THE BEAUTY OF LIVING ORGANISMS
Most flowers are better than most sculptures, so too are many of the marine creatures in these collections. Might sculptures therefore be grown or developed in ways that mimic nature? Intriguingly, in On Growth and Form D’Arcy Thompson discusses variance in the morphology of living things in terms of deformation. Starting, as one might in CAD, with a ‘primitive’ shape, the circle, and deforming it in carious ways by stretching or bending radially.

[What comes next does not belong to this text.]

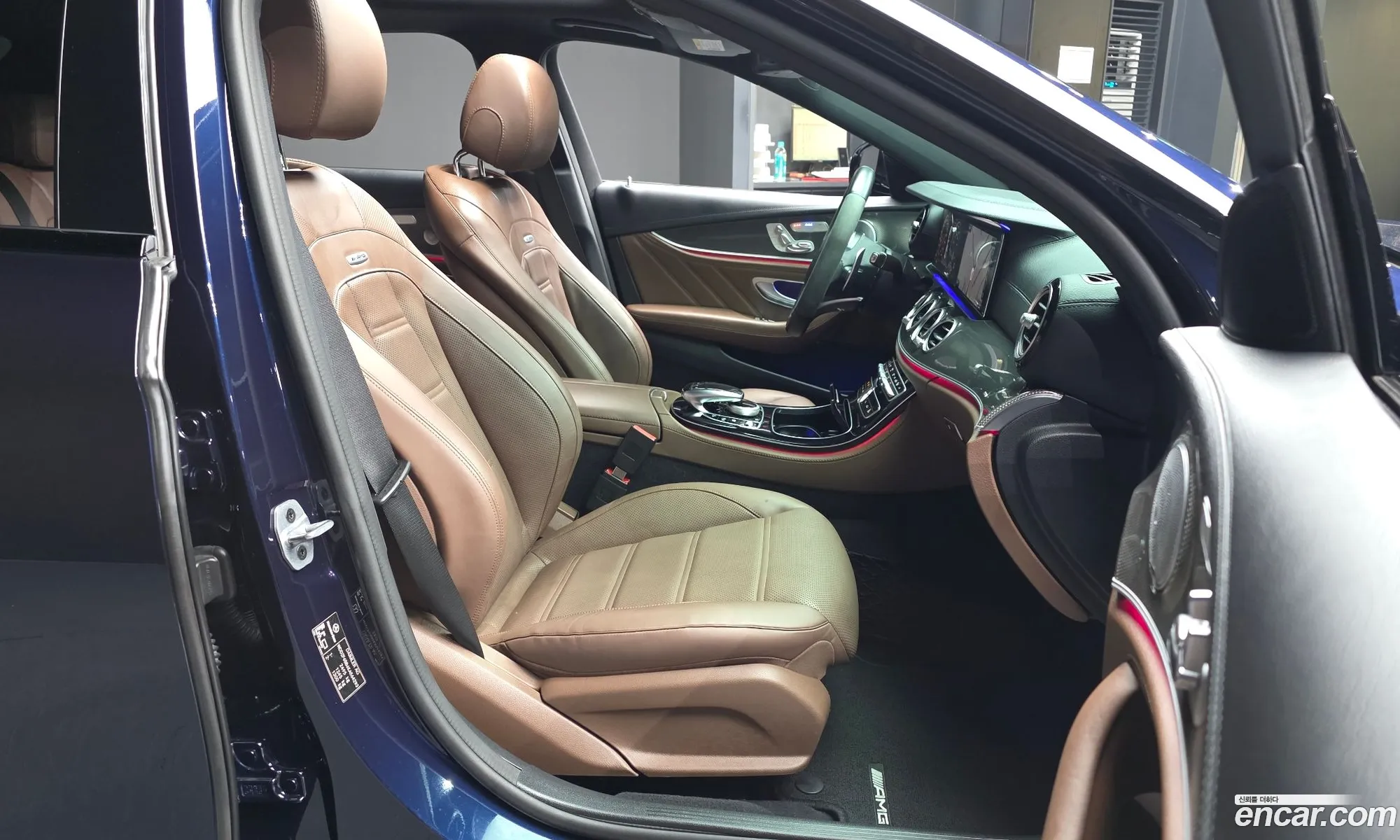 Mercedes-Benz E-Class W213 2019 WDDZF6BB6KA564293 — 19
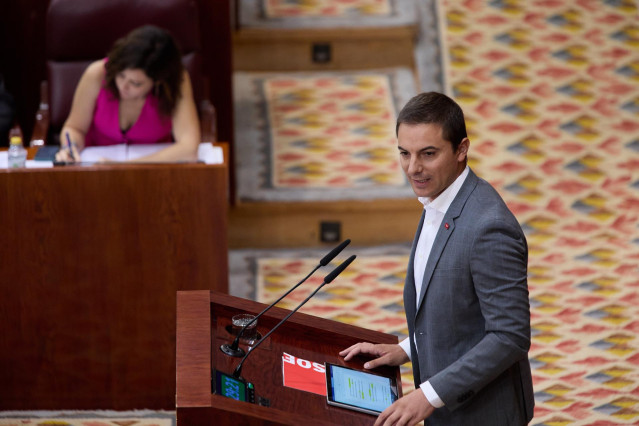 El secretario general del PSOE-M, Juan Lobato, interviene durante la segunda jornada del debate del Estado de la Región, en la Asamblea de Madrid, a 13 de septiembre de 2022, en Madrid (España). Los grupos parlamentarios de la oposición en la Asamblea de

One may also inflate form, an occurrence used to dramatic effect by the puffer fish, or indeed by many fish in their swim bladders to control their vertical depth in the water. Some evolutionary biologists hypothesise that the gaseous exchanges in swim bladders may be the origins of lungs and the respiratory systems of land mammals, amphibians, reptiles and birds that enable oxygen extraction from the atmosphere. Much of my past work has used inflation to create site-specific inflatables, as in Gallery 22 and the models below.
CLEAR, BUT UNCLEAR
Transparancy is a useful means of revelation, but contradictorily, one that can also make sculpture mysterious and visually chameleonic because transparent materials such as glass and resin distort reflections and refract light, Below are a series of sculptural hypotheses, a kind of sketchbook of ideas in three dimensions. Forms that might increase in size, change material, shift in meaning or deform in geometry. It is a tentative exploration of the sculptural language in search of beauty. In this quest, functionality can be set aside and unlike in nature, failure is not a matter of life or death!


This object is on display at RAMM in the Sladen's Study gallery.